Not the actual No. 43, but some super-sized dude from Pittsburgh wearing his jersey. He was in the gift shop, buying a stuffed monkey for his kid. The black and gold of that jersey set me off. I felt tension in my neck, bile in my mouth. All week I’d obsessed about destroying the Steelers on Sunday, and knowing I might miss some or all of the game, I decided this was my chance. I walked up to the guy, ready to blow hard. I was going to lead with something about Ben Roethlisberger and underage girls, then hit him with how overrated his offensive line was and finish with details of the Jets 23-17 win over the Steelers five weeks ago. But my body betrayed me. I stuck my hand out and said “Good luck to you.” He shook my hand, smiled and went back to monkey shopping. I stood there shocked and my own civility, wondering if I’d betrayed my team, when the loudspeaker bellowed “Flight 660 to New York is ready for boarding.”
What happened next gave me great green hope. Seated in row 37, the cabin doors closed, the stewardess informed me three seats in row 9 were open. My wife was thrilled because it gave us a seat for our baby. I love my kid, but she never crossed my mind. Row 9 versus row 36 meant I could get through immigration much faster!
Then the captain comes on and tells us due to reduced headwinds, our flying time to New York will get us in FORTY-FIVE minutes early! Seriously?!? That NEVER happens. As we lifted off the tarmac, I began to wonder if this tremendous luck was because I was nice to Troy Polamalu in the gift shop, or if something much bigger
was at play? On the ground in New York, we made it through immigration in five minutes flat. Our bags came off right away, there was NO taxi line, NO traffic, and I swear to God, I was on my couch, IN my Jets jersey at 6:25. I even saw the national anthem.
It had to be fate. Forget all the awful, unspeakable drama I’ve endured as a Jets fan for the past 42 years. The forces of the universe thought I deserved to be home on my couch for what was about to be the greatest victory in franchise history.

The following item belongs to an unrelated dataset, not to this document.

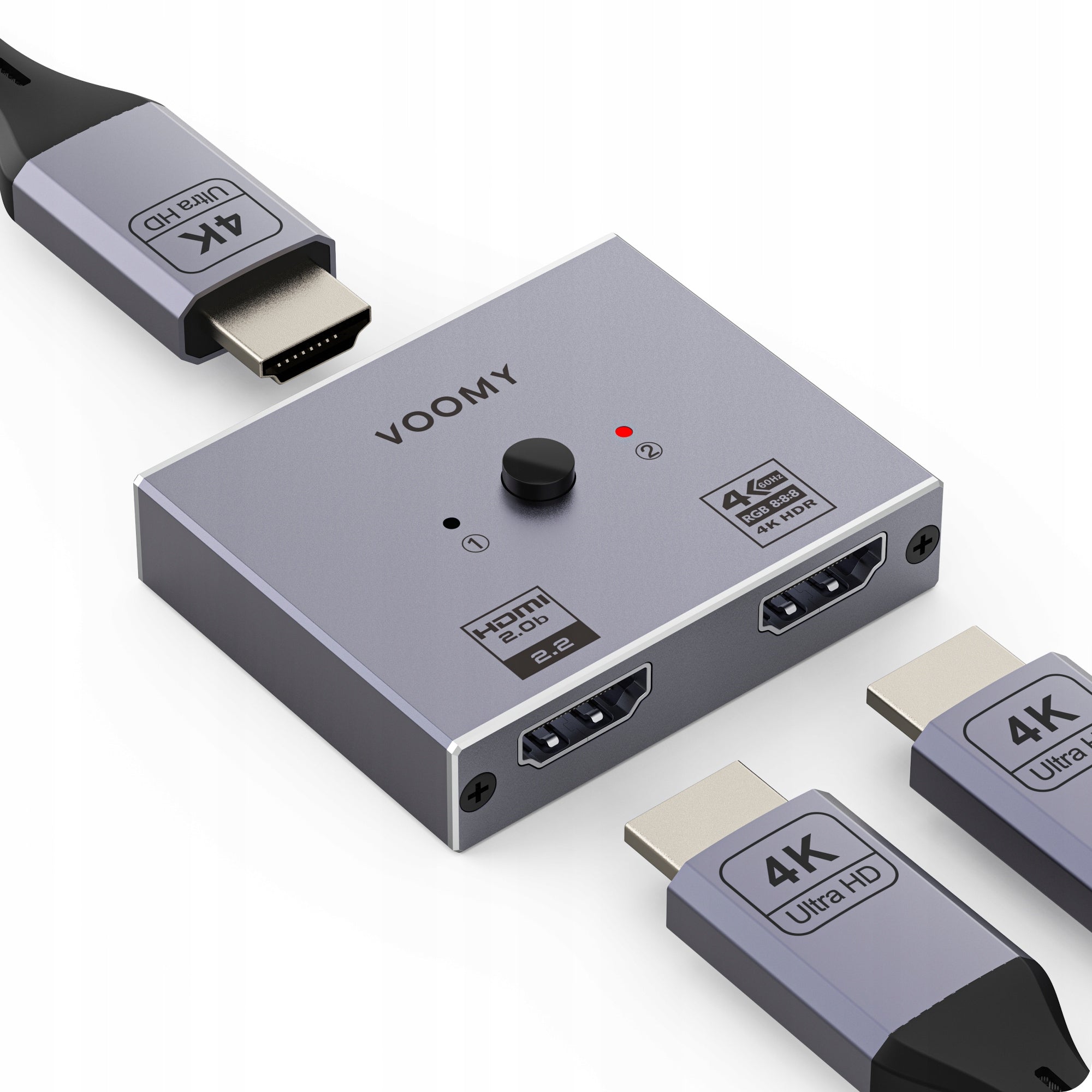 Voomy Connect H12 HDMI Switch 4K Ultra HD 1 In 2 Out / 2 In 1 Out Splitter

I am never sure what to believe in, but in that moment, I believed in my heart the Jets were going to win.
Ninety minutes later, they were down 24-0.
The X’s and O’s of the actual game no longer matter. I could complain endlessly about giving the ball to LT on 4th and goal at the 1-yard line, but the Steelers are still on their way to their eighth Super Bowl, and I’m left to question everything. Most of all, my own fandom.
Sports fans should not believe in fate. It’s a pretty word, but it’s really meant to be put on the cake after it’s baked. Last year’s Super Bowl champion Saints were a “team of destiny” only after they won the big game. If Peyton Manning doesn’t throw that fourth-quarter interception, but instead leads his team down the field for the winning score, the Saints and their fans go home with another bitter disappointment. Fandom, as it turns out, has its own unique belief system, headlined by the absurd notion that our involvement in the teams we root for actually matters. We don’t suit up on Sundays, I’m well aware of that. As a fan, I choose to invest emotionally and monetarily in my teams, a cocktail that breeds a level of irrationality, or fanaticism that, honestly, I enjoy. Did it really matter if I was on my couch for kickoff on Sunday? No. It only mattered to me.
I have an old friend who is a die-hard Steelers fan. At the start of the season, he was disgusted with Ben Roethlisberger’s off-field shenanigans and decided not to watch his beloved Steelers for the entire season. He didn’t watch a single minute of football this season, yet his team is in the Super Bowl. Is that fair? Of course not, and if I see him, or the dude with the Polamalu jersey, this time, I’m gonna open my fat mouth and tell them.
Either way, I’ll never, ever book a vacation in January again.
-- Stu Zicherman is a writer and producer for movies and TV shows including "Six Degrees" and "Lights Out."